EXTRACTED RECORDS START

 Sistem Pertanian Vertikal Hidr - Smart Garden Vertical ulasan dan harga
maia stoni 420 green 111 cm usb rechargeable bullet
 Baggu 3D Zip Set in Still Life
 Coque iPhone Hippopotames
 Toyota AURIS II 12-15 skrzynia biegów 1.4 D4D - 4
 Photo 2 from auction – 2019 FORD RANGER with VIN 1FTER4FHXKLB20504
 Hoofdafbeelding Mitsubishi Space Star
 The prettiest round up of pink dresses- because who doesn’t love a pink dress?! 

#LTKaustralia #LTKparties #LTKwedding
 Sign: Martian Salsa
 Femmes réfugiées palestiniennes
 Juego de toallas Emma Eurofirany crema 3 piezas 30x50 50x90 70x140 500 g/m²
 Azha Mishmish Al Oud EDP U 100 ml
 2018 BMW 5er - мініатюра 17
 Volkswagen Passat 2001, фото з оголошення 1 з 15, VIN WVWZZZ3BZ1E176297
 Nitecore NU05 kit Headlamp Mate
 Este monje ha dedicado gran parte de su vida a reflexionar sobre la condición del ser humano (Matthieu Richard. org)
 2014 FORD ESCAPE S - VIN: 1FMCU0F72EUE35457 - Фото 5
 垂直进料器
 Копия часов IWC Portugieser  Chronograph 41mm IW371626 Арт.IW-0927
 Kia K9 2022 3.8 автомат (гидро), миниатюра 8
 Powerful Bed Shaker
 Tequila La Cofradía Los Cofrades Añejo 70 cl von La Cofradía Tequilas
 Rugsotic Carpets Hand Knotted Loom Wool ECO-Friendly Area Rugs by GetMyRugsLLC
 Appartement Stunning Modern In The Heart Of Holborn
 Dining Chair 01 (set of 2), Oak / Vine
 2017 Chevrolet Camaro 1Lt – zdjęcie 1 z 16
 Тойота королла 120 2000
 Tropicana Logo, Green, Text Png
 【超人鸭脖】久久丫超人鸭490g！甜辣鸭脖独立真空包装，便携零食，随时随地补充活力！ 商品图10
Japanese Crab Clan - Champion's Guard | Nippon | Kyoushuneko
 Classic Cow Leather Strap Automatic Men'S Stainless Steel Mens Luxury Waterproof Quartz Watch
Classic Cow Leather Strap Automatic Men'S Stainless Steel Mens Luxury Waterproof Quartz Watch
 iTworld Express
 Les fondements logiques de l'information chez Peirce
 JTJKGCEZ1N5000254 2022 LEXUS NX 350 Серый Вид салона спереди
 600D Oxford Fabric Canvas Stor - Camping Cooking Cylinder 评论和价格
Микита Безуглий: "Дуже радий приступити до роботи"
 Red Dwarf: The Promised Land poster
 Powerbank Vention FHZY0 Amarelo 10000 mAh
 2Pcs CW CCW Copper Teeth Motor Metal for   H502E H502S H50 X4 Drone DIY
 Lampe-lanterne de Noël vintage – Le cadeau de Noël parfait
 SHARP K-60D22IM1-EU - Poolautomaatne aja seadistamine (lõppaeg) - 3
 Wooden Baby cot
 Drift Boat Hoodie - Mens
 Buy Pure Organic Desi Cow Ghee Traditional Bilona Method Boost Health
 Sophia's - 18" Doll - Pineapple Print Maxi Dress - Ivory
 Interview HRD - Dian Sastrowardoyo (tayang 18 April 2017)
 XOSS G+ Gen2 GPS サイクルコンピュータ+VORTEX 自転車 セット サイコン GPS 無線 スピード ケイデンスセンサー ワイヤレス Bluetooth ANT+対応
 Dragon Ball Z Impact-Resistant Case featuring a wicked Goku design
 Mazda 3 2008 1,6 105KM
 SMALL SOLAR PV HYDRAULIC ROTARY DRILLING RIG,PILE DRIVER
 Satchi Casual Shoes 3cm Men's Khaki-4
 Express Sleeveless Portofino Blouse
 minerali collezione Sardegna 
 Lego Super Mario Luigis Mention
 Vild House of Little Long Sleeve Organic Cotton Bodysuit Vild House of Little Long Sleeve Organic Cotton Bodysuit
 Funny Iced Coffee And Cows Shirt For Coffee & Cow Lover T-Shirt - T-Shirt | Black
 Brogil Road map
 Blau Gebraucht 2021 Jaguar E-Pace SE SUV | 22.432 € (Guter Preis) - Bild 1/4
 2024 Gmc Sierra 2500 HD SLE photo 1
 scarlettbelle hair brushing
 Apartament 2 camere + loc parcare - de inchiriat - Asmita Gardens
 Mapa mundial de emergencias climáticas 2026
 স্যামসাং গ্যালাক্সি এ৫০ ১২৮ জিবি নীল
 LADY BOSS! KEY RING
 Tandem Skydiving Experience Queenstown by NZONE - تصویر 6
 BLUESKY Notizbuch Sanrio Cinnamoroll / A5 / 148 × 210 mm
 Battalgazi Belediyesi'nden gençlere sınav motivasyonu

EXTRACTED RECORDS END

■ WHAT IS REQUIRED: Scan the material above for the string "Automatic" and return the lines that hold it.

■ TASK RESPONSE:
 Classic Cow Leather Strap Automatic Men'S Stainless Steel Mens Luxury Waterproof Quartz Watch
Classic Cow Leather Strap Automatic Men'S Stainless Steel Mens Luxury Waterproof Quartz Watch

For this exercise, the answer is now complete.